Start of Data provided

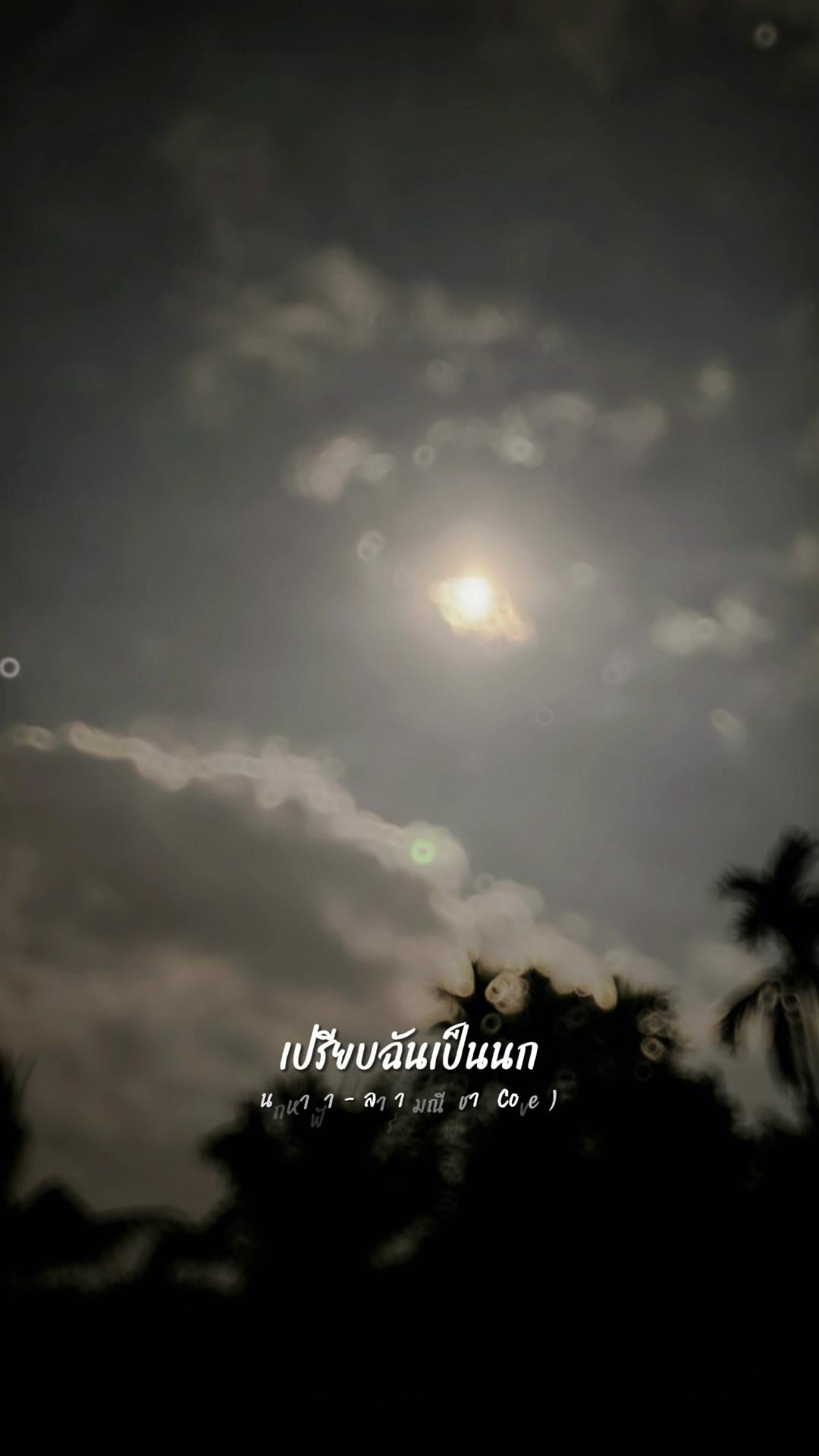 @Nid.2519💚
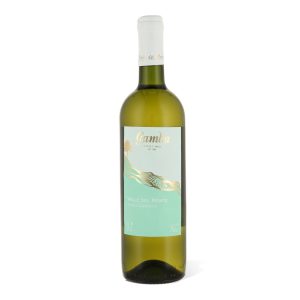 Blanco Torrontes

End of Data provided
Start of Data provided

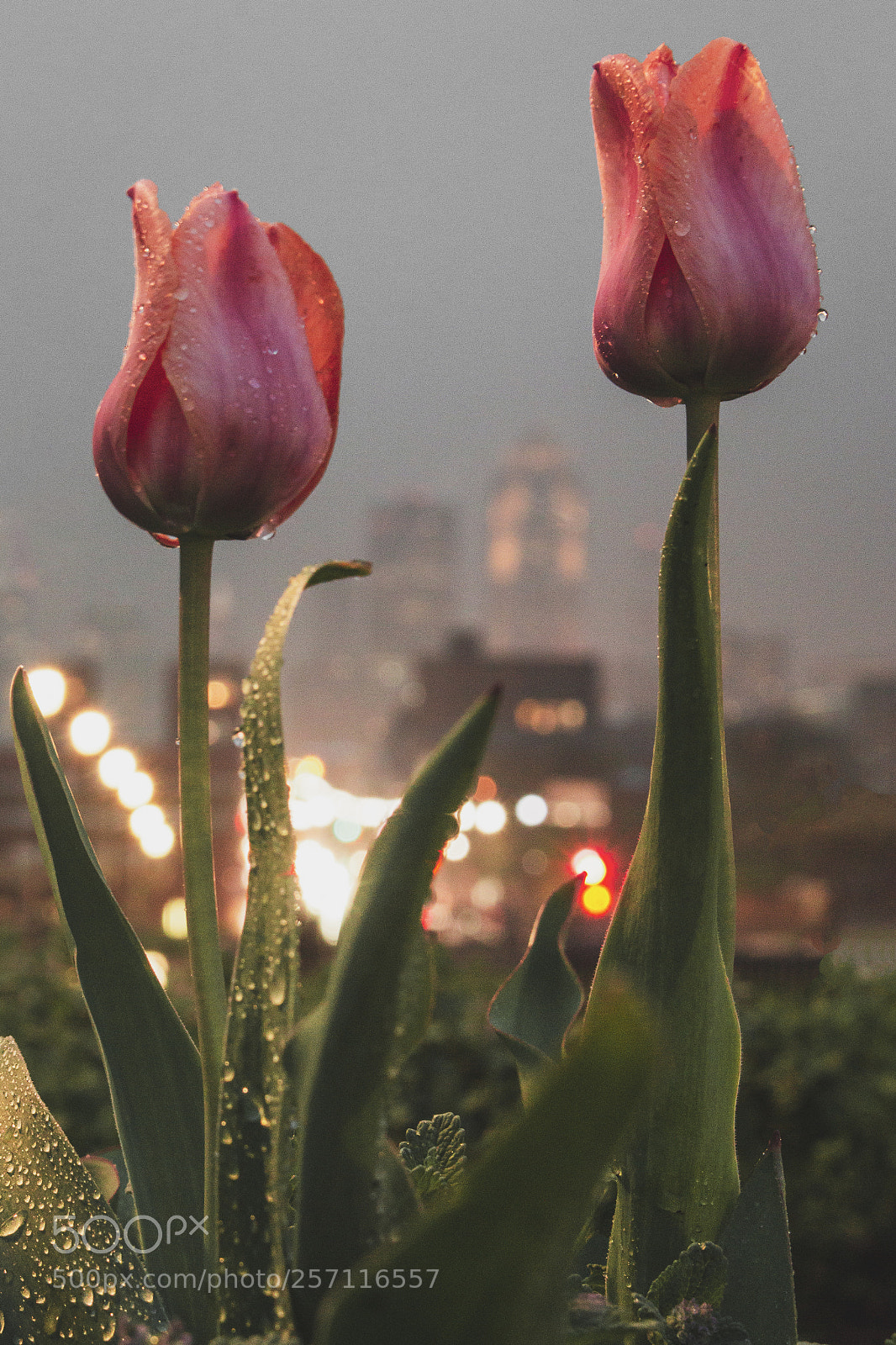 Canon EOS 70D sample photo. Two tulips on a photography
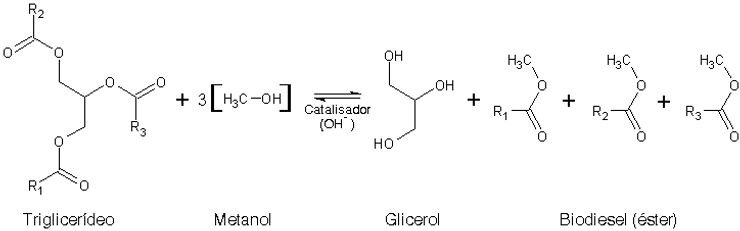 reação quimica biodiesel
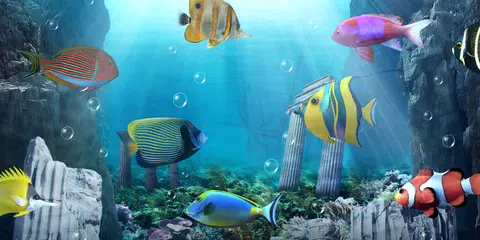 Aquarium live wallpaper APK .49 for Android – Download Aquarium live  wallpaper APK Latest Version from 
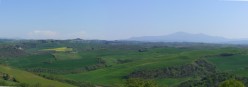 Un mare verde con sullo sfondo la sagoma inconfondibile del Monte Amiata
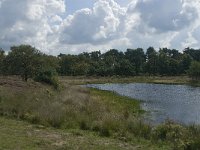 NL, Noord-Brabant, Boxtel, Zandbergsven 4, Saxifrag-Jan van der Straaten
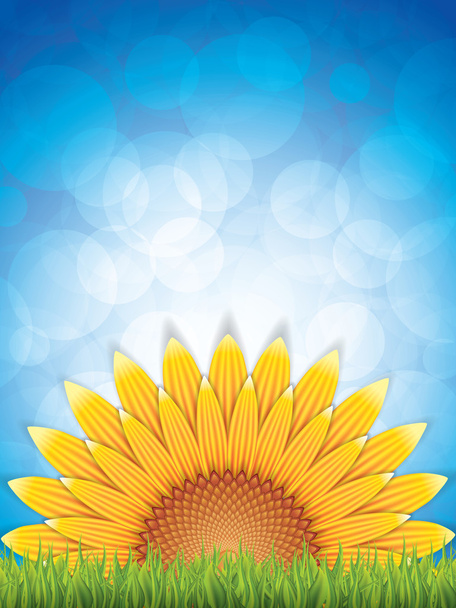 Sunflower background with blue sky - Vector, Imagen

End of Data provided

What you should do: What belongs in the answer is each line above from the line with "Un mare verde" to the line with "Sunflower background with", inclusive, reproduced exactly and free of pictures.

Worked solution:
 Un mare verde con sullo sfondo la sagoma inconfondibile del Monte Amiata
 NL, Noord-Brabant, Boxtel, Zandbergsven 4, Saxifrag-Jan van der Straaten
 Sunflower background with blue sky - Vector, Imagen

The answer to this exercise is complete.